The present invention relates generally to voltage regulators or control systems employing triacs to control the power supplied to a load from an alternating current (a.c.) voltage source.
As is known, a triac is a bidirectional semiconductor device which exhibits the property of being "gated" into conduction upon the simultaneous application of a voltage between its two main electrodes and a gating signal applied to a third or gate electrode. Triacs are normally rendered nonconductive by removing the voltage from the main electrodes; for example, by the source voltage crossing the zero axis.
In those instances where the a.c. source voltage is "clean", that is the voltage follows a substantially pure sinusoidal wave shape, few problems are experienced in maintaining good control. Where, however, the source voltage is "dirty" and includes any significant number of transients, more serious problems are presented. If a transient of a sizeable magnitude in a direction to reduce source voltage occurs at the same time that a pulse gating signal is applied to the triac, the triac may not fire (become conductive) and control may be lost. In a similar manner, if a transient of this nature occurs shortly after the triac begins conduction but prior to the establishment of a sizeable current in the triac, the current may extinguish and once again control would be lost. The loss of control can be particularly troublesome when that being supplied is a transformer coupled load.

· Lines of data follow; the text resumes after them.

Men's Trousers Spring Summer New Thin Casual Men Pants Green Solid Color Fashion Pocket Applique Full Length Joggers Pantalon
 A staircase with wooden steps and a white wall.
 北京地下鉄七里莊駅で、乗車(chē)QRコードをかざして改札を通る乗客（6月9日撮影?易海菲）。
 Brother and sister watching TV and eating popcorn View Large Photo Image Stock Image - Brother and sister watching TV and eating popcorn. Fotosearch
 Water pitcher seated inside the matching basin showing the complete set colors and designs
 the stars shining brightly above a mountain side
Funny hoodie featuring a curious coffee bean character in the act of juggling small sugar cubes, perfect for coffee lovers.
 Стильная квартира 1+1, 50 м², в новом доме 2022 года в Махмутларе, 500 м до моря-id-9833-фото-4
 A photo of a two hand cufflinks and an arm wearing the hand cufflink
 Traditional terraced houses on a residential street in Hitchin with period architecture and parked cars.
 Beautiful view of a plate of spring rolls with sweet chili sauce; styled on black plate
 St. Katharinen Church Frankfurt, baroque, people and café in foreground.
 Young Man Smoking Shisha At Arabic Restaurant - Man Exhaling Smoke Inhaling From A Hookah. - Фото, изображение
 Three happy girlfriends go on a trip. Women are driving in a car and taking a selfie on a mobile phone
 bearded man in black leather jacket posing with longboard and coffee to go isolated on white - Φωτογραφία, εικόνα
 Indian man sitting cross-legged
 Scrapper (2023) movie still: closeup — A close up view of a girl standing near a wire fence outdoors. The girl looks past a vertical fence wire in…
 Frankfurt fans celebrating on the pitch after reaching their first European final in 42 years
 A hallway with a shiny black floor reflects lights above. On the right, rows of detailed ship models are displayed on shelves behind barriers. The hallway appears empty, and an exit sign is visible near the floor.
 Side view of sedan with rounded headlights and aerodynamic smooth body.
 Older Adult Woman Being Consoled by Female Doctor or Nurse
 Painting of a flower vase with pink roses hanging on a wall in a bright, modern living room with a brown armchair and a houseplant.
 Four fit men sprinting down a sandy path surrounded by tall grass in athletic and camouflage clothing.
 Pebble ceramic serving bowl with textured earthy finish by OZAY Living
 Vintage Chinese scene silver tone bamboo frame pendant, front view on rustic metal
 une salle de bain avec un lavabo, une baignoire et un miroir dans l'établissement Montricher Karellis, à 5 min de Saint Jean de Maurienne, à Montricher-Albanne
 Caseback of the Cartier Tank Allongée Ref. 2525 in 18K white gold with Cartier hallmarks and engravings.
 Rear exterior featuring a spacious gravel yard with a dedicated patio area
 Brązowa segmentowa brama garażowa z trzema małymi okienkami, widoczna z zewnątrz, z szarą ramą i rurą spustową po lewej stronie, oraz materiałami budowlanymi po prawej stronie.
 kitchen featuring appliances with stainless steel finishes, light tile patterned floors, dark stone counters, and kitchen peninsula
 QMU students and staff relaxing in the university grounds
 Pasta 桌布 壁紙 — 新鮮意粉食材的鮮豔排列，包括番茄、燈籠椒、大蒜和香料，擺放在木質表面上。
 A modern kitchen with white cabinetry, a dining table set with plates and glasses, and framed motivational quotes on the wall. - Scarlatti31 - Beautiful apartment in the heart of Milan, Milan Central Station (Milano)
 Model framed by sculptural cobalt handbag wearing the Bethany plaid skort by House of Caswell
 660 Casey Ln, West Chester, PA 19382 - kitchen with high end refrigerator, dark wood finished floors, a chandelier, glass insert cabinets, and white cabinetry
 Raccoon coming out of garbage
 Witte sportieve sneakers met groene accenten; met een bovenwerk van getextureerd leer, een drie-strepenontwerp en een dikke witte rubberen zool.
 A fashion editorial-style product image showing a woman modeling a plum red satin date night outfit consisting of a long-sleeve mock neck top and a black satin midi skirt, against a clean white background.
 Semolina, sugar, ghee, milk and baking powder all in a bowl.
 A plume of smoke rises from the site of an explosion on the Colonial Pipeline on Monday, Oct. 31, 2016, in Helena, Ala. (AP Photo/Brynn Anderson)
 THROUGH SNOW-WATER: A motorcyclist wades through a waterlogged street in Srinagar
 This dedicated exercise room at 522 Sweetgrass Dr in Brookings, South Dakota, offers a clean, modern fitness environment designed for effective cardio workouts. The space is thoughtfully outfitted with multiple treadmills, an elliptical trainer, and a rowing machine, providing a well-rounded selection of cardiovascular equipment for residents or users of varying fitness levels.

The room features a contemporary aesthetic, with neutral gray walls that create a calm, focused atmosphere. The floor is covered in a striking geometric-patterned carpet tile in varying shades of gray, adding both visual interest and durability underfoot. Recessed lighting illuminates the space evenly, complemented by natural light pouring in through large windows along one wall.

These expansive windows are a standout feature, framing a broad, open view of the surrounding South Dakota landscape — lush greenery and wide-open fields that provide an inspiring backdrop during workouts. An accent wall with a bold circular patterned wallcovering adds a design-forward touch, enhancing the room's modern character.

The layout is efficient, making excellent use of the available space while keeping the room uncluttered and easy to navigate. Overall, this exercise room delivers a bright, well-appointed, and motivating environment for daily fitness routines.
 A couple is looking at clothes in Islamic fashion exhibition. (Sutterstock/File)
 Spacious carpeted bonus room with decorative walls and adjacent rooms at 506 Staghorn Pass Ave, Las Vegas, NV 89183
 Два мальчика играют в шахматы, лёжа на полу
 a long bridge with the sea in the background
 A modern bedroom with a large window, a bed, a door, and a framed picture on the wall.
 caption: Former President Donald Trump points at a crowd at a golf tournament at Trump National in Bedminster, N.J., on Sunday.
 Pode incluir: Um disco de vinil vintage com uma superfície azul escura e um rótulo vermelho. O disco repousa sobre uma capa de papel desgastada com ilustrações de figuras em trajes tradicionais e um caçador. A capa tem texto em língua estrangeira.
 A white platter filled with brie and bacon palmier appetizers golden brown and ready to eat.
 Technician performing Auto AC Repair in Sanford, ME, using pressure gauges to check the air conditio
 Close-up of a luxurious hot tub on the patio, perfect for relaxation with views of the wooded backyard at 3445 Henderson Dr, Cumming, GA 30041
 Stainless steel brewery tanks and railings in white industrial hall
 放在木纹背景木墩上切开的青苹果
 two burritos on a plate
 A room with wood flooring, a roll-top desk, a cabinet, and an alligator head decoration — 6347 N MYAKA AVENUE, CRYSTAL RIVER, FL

In this case, with the cessation of the triac conduction, buildup of a d.c. current in the transformer may develop with subsequent loss of control resulting in transformer saturation which, in turn, could cause heavy line currents.
One prior art method of overcoming this problem is to use what is known as pulse train firing. In its simplest conceptual form, pulse train firing entails the sensing of a point in the a.c. source wave form where initiation of conduction is desired. This sensing must be accurate and employed to gate, for a specified period within the half cycle of the source voltage, a series of pulses from an oscillator to the gate electrode of the triac. Thus, if the device should fail to conduct due to a transient "spike" in the source voltage, as soon as the transient disappears the device will be gated into conduction by the next pulse of the train. While prior art pulse train gating is a very satisfactory solution from an operational standpoint, it is also one which is relatively expensive which makes its use difficult to justify in many instances. The expense of the pulse train firing system results primarily from the fact that the point of conduction initiation must be accurately determined which requires, in the usual case, that the normal zero crossover point of the source voltage be accurately determined. To do this, the customary practice is to provide an accurate d.c. supply voltage to energize a plurality of integrators which are used to cancel out the transient effects and provide the zero crossing detection.